CIT Group Inc. reported net income of $184 million for the second quarter of 2013, compared to a net loss of $73 million for the second quarter of 2012. Net income for the six month period ended June 30, 2013 was $346 million, compared to a net loss of $500 million. Prior year results include significant debt redemption charges.
“Our financial results this quarter demonstrate the progress we have made in building our franchise and meeting our profitability targets,” said John Thain, Chairman and Chief Executive Officer. “We grew CIT Bank assets and deposits and advanced our expense reduction initiatives as we continued to provide financing to our small business, middle market and transportation clients. The termination of the Written Agreement and our announced share repurchase plan were important milestones that enhance our ability to create value for our shareholders.”
Second quarter results reflect growth in earning assets, lower funding costs, and continued strong portfolio performance. In addition to the absence of significant debt redemption charges in the current quarter, the improvement in net income from the year-ago quarter reflected lower funding costs and asset growth, partially offset by reduced gains on asset sales and lower net FSA accretion.
Selected Segment Highlights:
Corporate Finance
Pre-tax earnings for the quarter were $41 million. Excluding the impact of debt redemptions, pre-tax earnings were $43 million, down from $90 million in the year-ago quarter, as lower counterparty receivable accretion and gains on asset and investment sales more than offset lower funding costs, and up from $28 million last quarter reflecting higher capital market fees and lower credit and operating costs. Gains on asset and investment sales totaled $2 million in the current quarter, down from $15 million in the prior-year quarter and $8 million in the prior quarter.
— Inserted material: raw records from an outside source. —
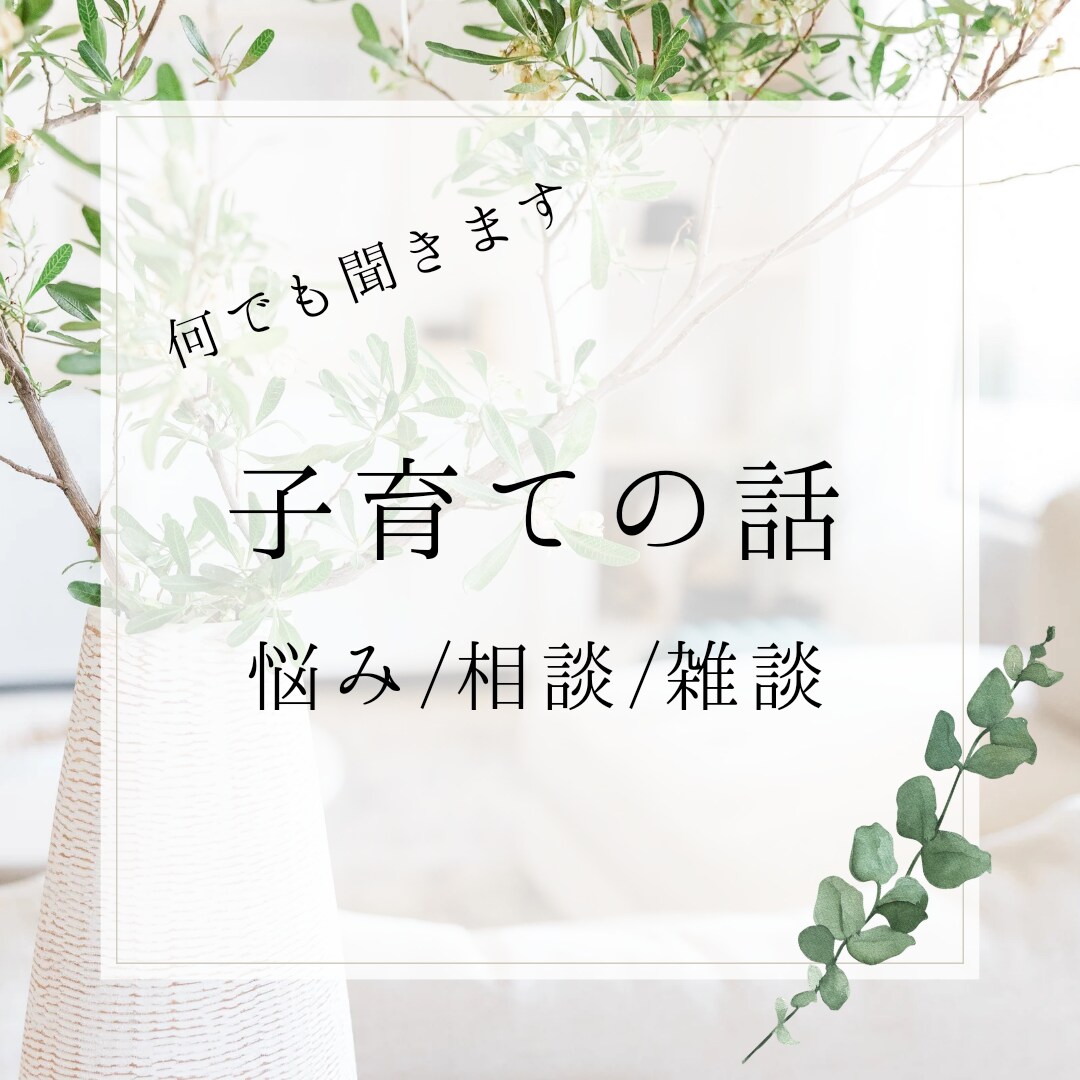子育ての話を聞きます 悩み/相談/雑談　何でもお気軽に。 イメージ1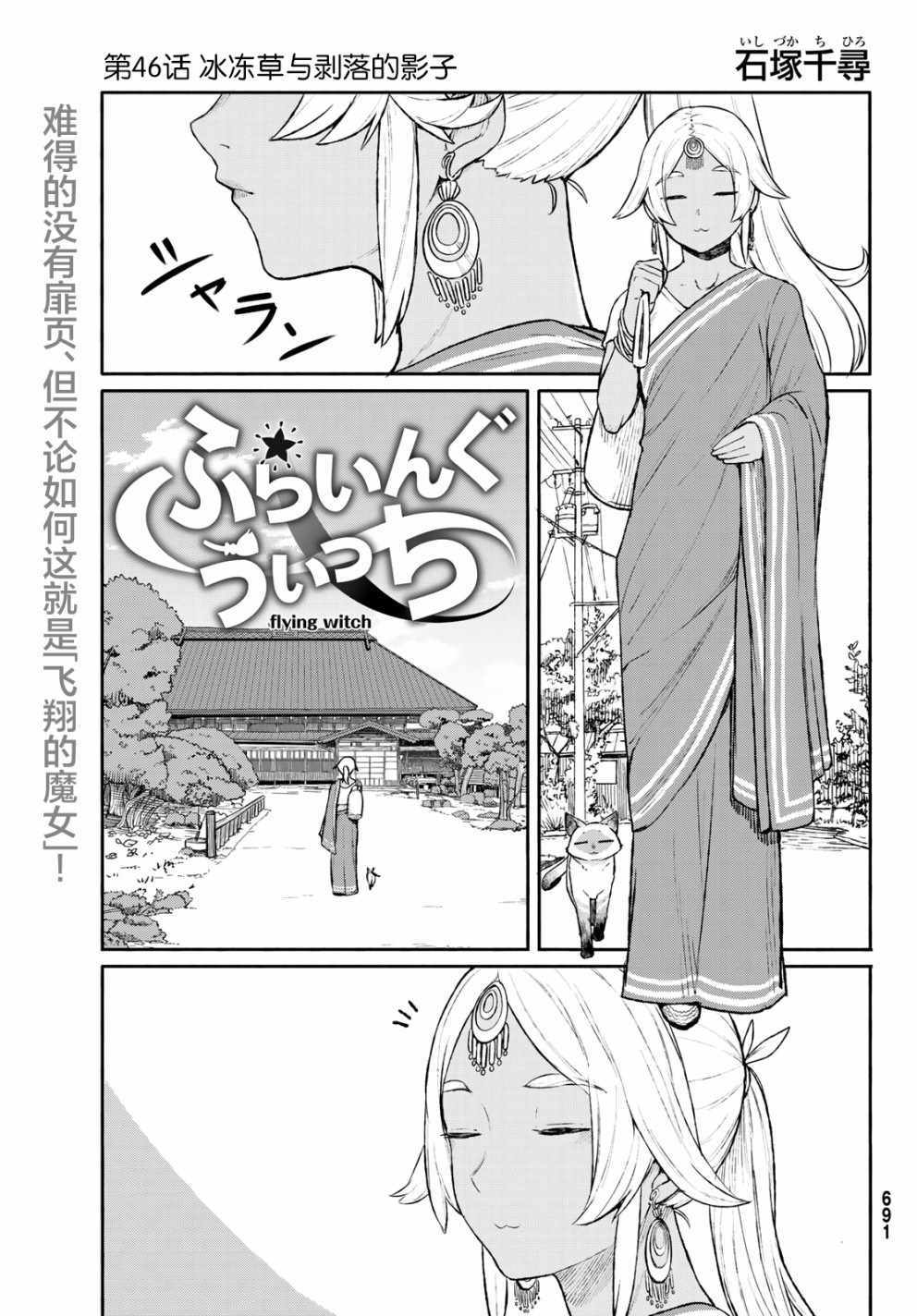 《飞翔的魔女》漫画最新章节第46话免费下拉式在线观看章节第【1】张图片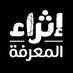 إثراء المعرفة (@ithraknowledge) Twitter profile photo إثراء المعرفة (@ithraknowledge) Twitter profile photo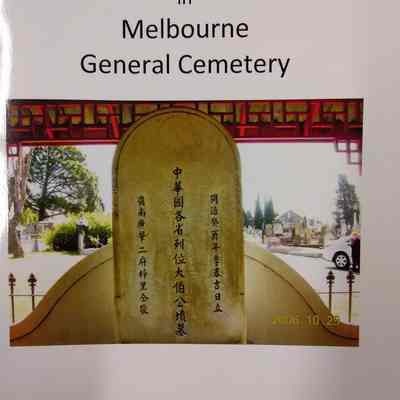 Chinese Burials in Melbourne General Cemetery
Financing and leasing assets grew to $9.4 billion, up $0.2 billion from March 31, 2013 and $1.7 billion from June 30, 2012, reflecting a portfolio purchased during the first quarter of 2013. New funded loan volume totaled $1.3 billion, up from $969 million in the year-ago quarter and $960 million in the prior quarter.
Credit performance remained strong. Non-accrual loans declined to $173 million (1.95% of finance receivables) from $316 million (4.18%) a year ago and $185 million (2.03%) at March 31, 2013. Net charge-offs were $22 million (0.97%) of average finance receivables and were nearly all attributable to loans transferred to held for sale; absent these transfers, net charge-offs approximated 0.08% of average finance receivables.
Trade Finance
Pre-tax earnings for the quarter were $13 million. Excluding the impact of debt redemptions, pre-tax earnings were $14 million, compared to $12 million in the year-ago quarter, and $10 million in the prior quarter. Factoring volume was $6 billion, up 1% from the year-ago quarter, and down 6% sequentially due in part to seasonality. Factoring commissions of $29 million were essentially flat with both the year-ago and prior quarters.
Credit metrics remained favorable. Non-accrual balances of $3 million declined significantly from $48 million a year ago and modestly from March 31, 2013, primarily due to accounts returning to accrual status and reductions in exposures. There was a modest net recovery in each of the current and prior quarters, compared to a small net charge-off in the year-ago quarter.